Member of the Puerto Rico Senate from the Carolina district
- In office 1993–2000

President pro tempore of the Senate of Puerto Rico
- In office 1995–1996
- Preceded by: Nicolás Nogueras
- Succeeded by: Aníbal Marrero Pérez

Member of the Municipal Assembly of Trujillo Alto, Puerto Rico
- In office 2020

Personal details
- Born: May 17, 1949 (age 76) Arroyo, Puerto Rico
- Party: New Progressive Party
- Alma mater: University of Puerto Rico (BA) University of Puerto Rico School of Law (JD)
- Profession: Politician, Senator, Judge

= Luisa Lebrón =

Puerto Rican judge and politician

Luisa Lebrón Burgos (born May 17, 1949, in Patillas, Puerto Rico) is a Puerto Rican judge, politician, and former senator. She was a member of the Senate of Puerto Rico from 1993 to 2000.

==Biography==

Luisa Lebrón Burgos was born May 17, 1949, in Arroyo, Puerto Rico. She received her bachelor's degree from the University of Puerto Rico. In 1974, she received her Juris doctor from the University of Puerto Rico School of Law.

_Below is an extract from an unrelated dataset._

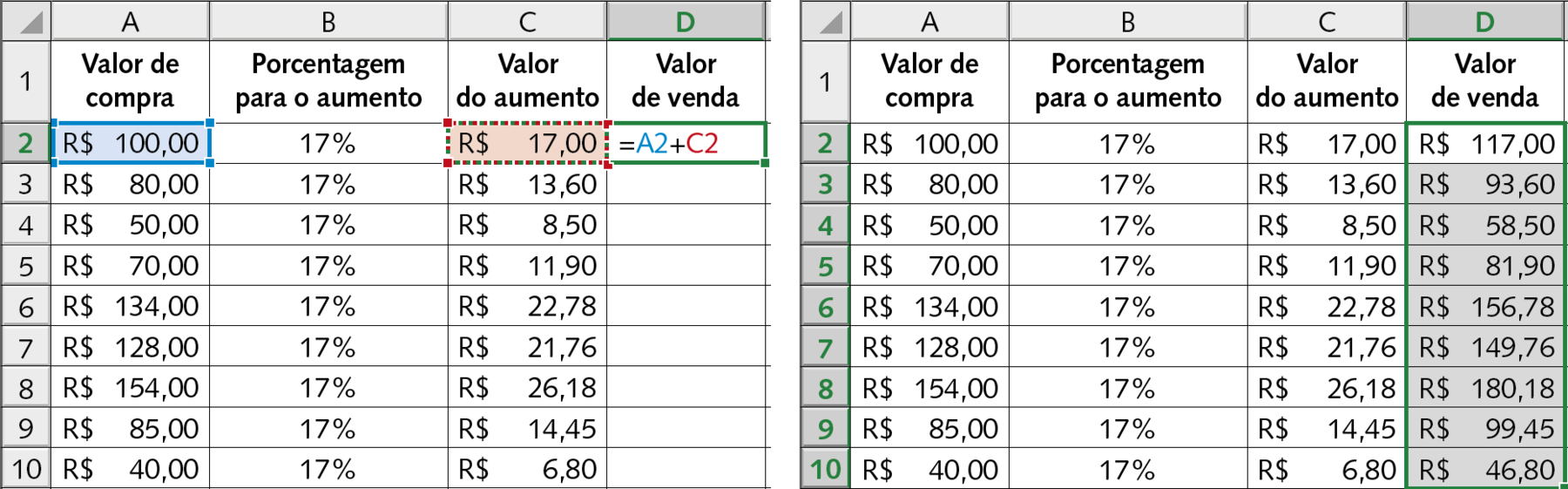 Ilustração. Parte de uma planilha eletrônica com colunas A a D e linhas de 1 a 10. Linha 1: Valor da compra; porcentagem para o aumento; valor do aumento; valor da venda Linha 2: 100 reais, 17 por cento, célula vazia, célula vazia. Linha 3: 80 reais,17 por cento, célula vazia, célula vazia. Linha 4: 50 reais, 17 por cento célula vazia, célula vazia. Linha 5: 70 reais, 17 por cento, célula vazia, célula vazia. Linha 6: 134 reais, 17 por cento, célula vazia, célula vazia. Linha 7: 128 reais, 17 por cento, célula vazia, célula vazia. Linha 8: 154 reais, 17 por cento, célula vazia, célula vazia. Linha 9: 85 reais, 17 por cento, célula vazia, célula vazia. Linha 10: 40 reais, 17 por cento, célula vazia, célula vazia. A célula A2 está selecionada de azul e a célula C2 está selecionada de vermelho. Na célula d2 está digitada a seguinte fórmula: igual A2 asterisco C2.Ilustração. Parte de uma planilha eletrônica com colunas A a D e linhas de 1 a 10. Linha 1: Valor da compra; porcentagem para o aumento; valor do aumento; valor da venda Linha 2: 100 reais, 17 por cento, c17 reais, 117 reais. Linha 3: 80 reais,17 por cento, 13 reais e 60 centavos, 93 reais e 60 centavos. Linha 4: 50 reais, 17 por cento 8 reais e 50 centavos; 58 reais e 50 centavos. Linha 5: 70 reais, 17 por cento, 11 reais e 90 centavos; 81 reais e 90 centavos. Linha 6: 134 reais, 17 por cento, 22 reais e 78 centavos; 156 reais e 78 centavos. Linha 7: 128 reais, 17 por cento, 21 reais e 76 centavos; 149 reais e 76 centavos. Linha 8: 154 reais, 17 por cento, 26 reais e 18 centavos; 180 reais e 18 centavos. Linha 9: 85 reais, 17 por cento, 14 reais e 45 centavos; 99 reais e 45 centavos. Linha 10: 40 reais, 17 por cento, 6 reais e 80 centavos; 46 reais e 80 centavos. A coluna D está selecionada.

Lebrón worked as a legal aide for the Housing Department of Puerto Rico, and the Corporation of Urban and Housing Renewal. She was also president of the Attorney Delegation of Carolina. She also established her own law firm.

In 1992, Lebrón was elected to the Senate of Puerto Rico representing the District of Carolina. In 1995, she was appointed as President pro tempore of the Senate of Puerto Rico, becoming the first woman to occupy that position. Lebrón was reelected in 1996.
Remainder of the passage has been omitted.